This worldview of Microcosm is Macrocosm - Yatha Pinde Tatha Brahmande - is craftily enmeshed into my way of living and in my world view as samashti-vyashti. It stays with me when I bicycle early in the morning for a 20 kms roundtrip from my home to the Gaushala to fetch raw cow milk prasad and while waiting for my turn I joyously watch the calves playing and hopping around, the mothers caressing them, people feeding the the cows and the majestic bulls in the green and serene ambience. Closeby, on my way is the fruits and vegetables farmers and wholesale market. There is also a flower market next to it - colorful, fragrant and resplendent in all the hues and shades, where I picked flowers for a festive occasion the other day.
This unity of samashti - the Universal and vyashti - the Individual is one of the important characteristics of Vedantic philosophy. In this, the practical and spiritual are not separate but are interrelated and holistic. This sutra provides a prime example of how practical knowledge is related to a spiritual principle.
The downpour washed away vehicles and subsumed buildings into flood waters, smashing key road and rail links. The tragedy wrecked not just remote locations on mountain fringes but popular tourist destinations, including Himachal Pradesh’s capital Shimla, where 11 bodies were buried under the debris of a temple. The disaster was made worse by the fact that this was the second time that the hill states were pounded by sheets of torrential rainfall. In July, floods, landslides and mudslides washed away portions of a critical national highway, inundated neighborhoods and caused landslides that cut off mountain cities and villages. Even in the national Capital, the heaviest deluge for a July day in 21 years marooned large swathes of the city. The real culprit however is not excess rainfall but the severe constriction on the river with numerous bridges causing silting and the encroachments - which at ITO alone has eaten away 5kms stretch of the Yamuna river floodplains.
After famously calling dams, power plants and the large integrated steel plants as ‘temples of modern India’ in 1954, Jawahar Lal Nehru, India’s first Prime Minister while inaugurating the Bhakra Nangal had changed his mind by 1958, observing that we in India might be suffering from “the disease of gigantism” and rooted for smaller irrigation projects. In a letter to chief ministers in 1957, Nehru had pointed out the need to balance development projects with the need to protect the environment.

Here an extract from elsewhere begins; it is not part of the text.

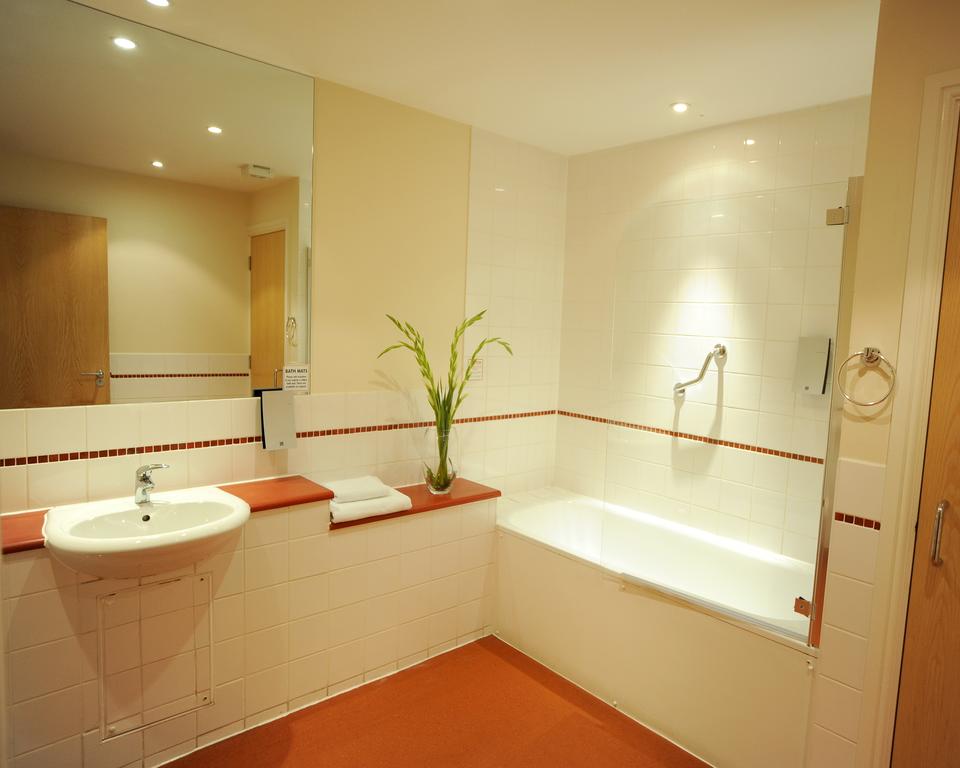 Bristol-Aparthotel-South-West-England-|-Serviced-Apartments-UK-|-Cheap-Short-Lets-|-Urban-Stay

Leo Saldanah, who was moderating the session, mentioned how we should learn from Nehru’s mistakes of pushing gigantic projects and glorifying them as ‘modern temples’. Ironically, the same mistakes are being repeated many times over with its penchant for gigantic projects - sardar sarovar dam, bullet trains, highway expansion, industrial corridors, chardham yatra, central vista and solar land banks.
This defies the pronounced global trend to do away with large projects that disrupt not just the lives and livelihoods of the people who live in these areas, but also cause ecological destruction. Over a thousand dams have been removed till date in the USA alone. Even modest sized dams have been found to create problems of water quality and ecosystems. The near extinction of fish such as the Atlantic salmon and sturgeons has been directly linked to the presence of dams on their migration routes. Several studies have recognised the building of dams as having the most substantial impact on the destruction of riverine ecosystems. The building of the Aswan Dam in Egypt has been blamed for the erosion of the Nile River delta, deterioration of agriculture in the area, and the increased incidents of parasitic diseases such as schistosomiasis.
Big dams such as the Sardar Sarovar have been built on an obsolete belief that the benefits of hydropower outweigh its other costs. But the unaccounted costs of ecological damages is coming home to roost for the much bandied Gujarat Model. Veteran journalist Achyut Yagnik pointed out several such unforeseen consequences that have ravaged the coastal state of Gujarat and reduced it to a basket case of ecological destruction.
Limestone is extremely important for preserving sweet water in coastal areas. “It acts like a sponge”, he noted. “If indiscriminate limestone mining continues, it would lead to salinity ingress in the green patches of coastal Saurashtra.” Mining being carried out on the borders of Gir forest, which houses Asia’s only surviving lion, similarly and the eviction of maldharis or cattle breeders, who lived in Gir forests for centuries, against their wishes under the pretext of preserving the green cover, had a deleterious effect on the forest. It is breaking the man-animal-green cover cycle, continuing for centuries.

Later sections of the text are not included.